• INSTRUCTIONS FOR THE TASK
The required answer is the data below, restated word for word with images omitted.

INFORMATION PROVIDED Start Marker

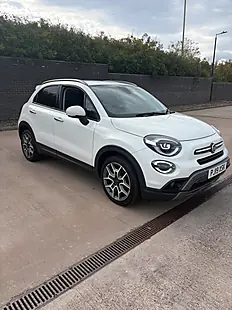 Used 2019 Fiat 500X Cross Plus White - Interior and Exterior details 7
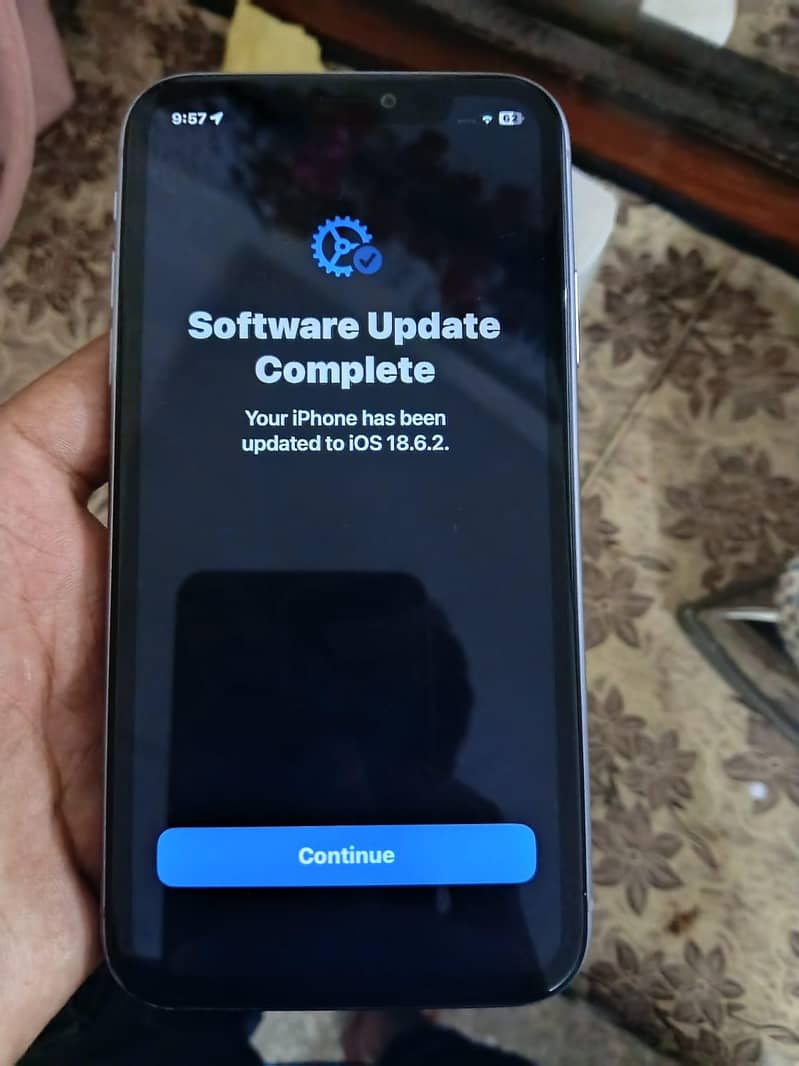 Apple iPhone 11 7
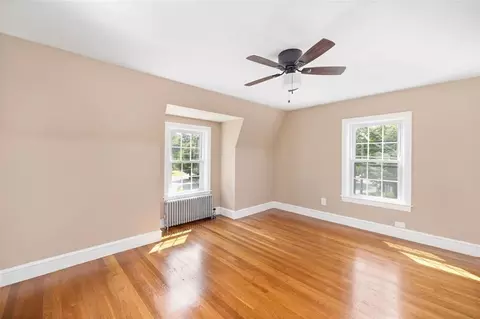 2 Euston Ave, Cranston, RI 02910 photo 10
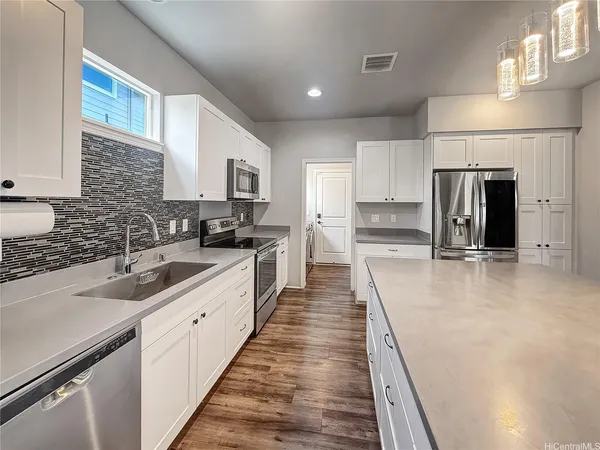 $1,255,000 | 91-1104 Hokua Street, Ewa Beach, HI 96706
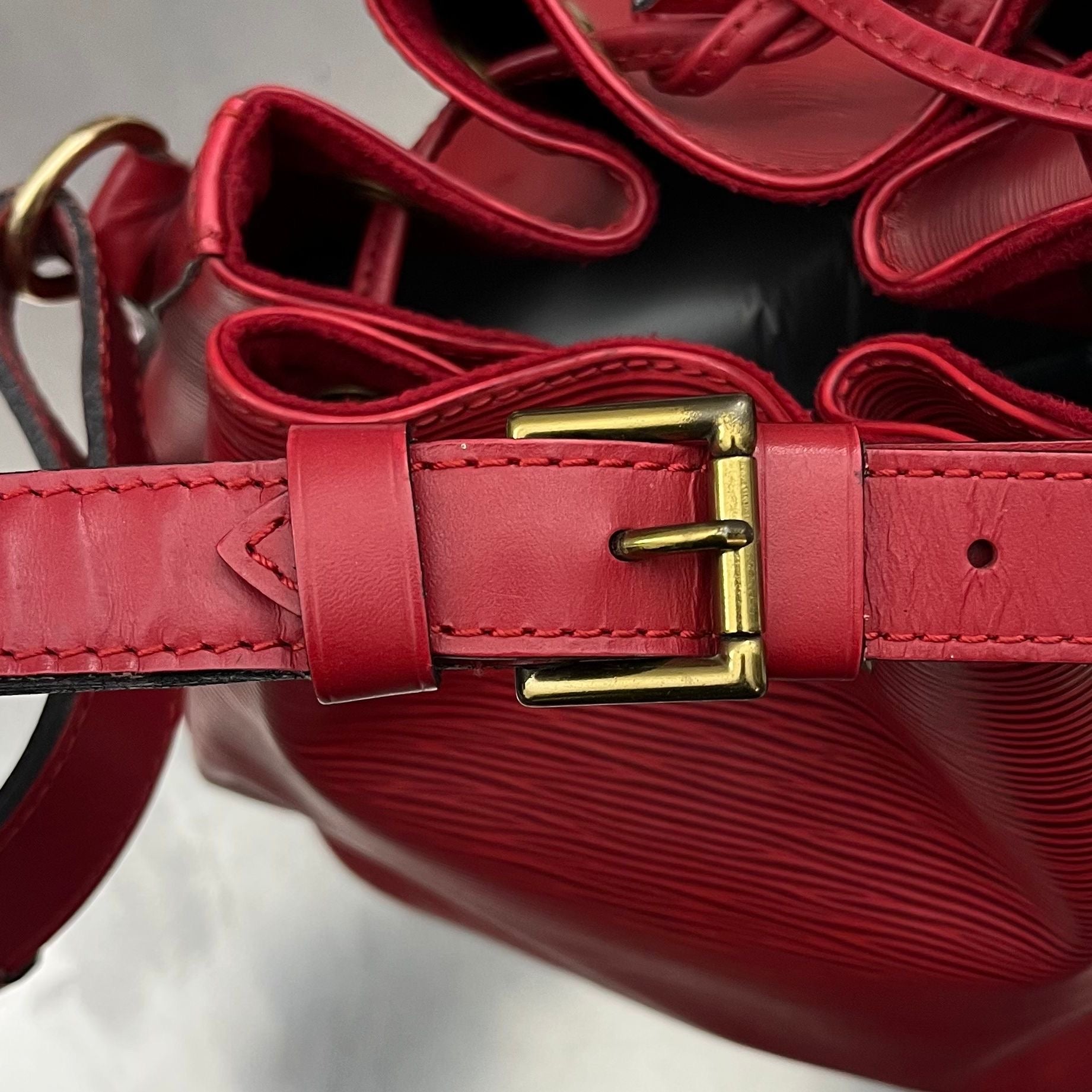 Louis Vuitton Sac Noé Petit Epi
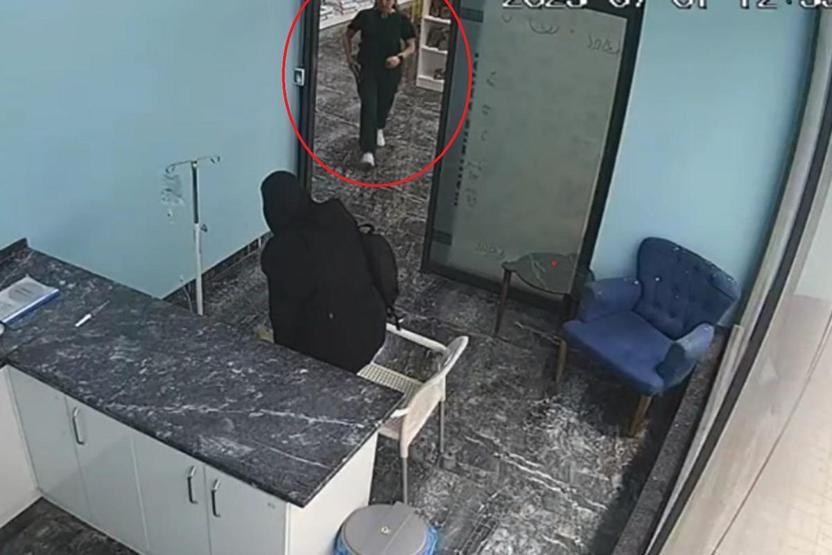 Deprem sırasında yürekleri ısıtan görüntü Tedavi ettiği köpeğin yanına koştu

INFORMATION PROVIDED End Marker

• WRITTEN RESPONSE
 Used 2019 Fiat 500X Cross Plus White - Interior and Exterior details 7
 Apple iPhone 11 7
 2 Euston Ave, Cranston, RI 02910 photo 10
 $1,255,000 | 91-1104 Hokua Street, Ewa Beach, HI 96706
 Louis Vuitton Sac Noé Petit Epi
 Deprem sırasında yürekleri ısıtan görüntü Tedavi ettiği köpeğin yanına koştu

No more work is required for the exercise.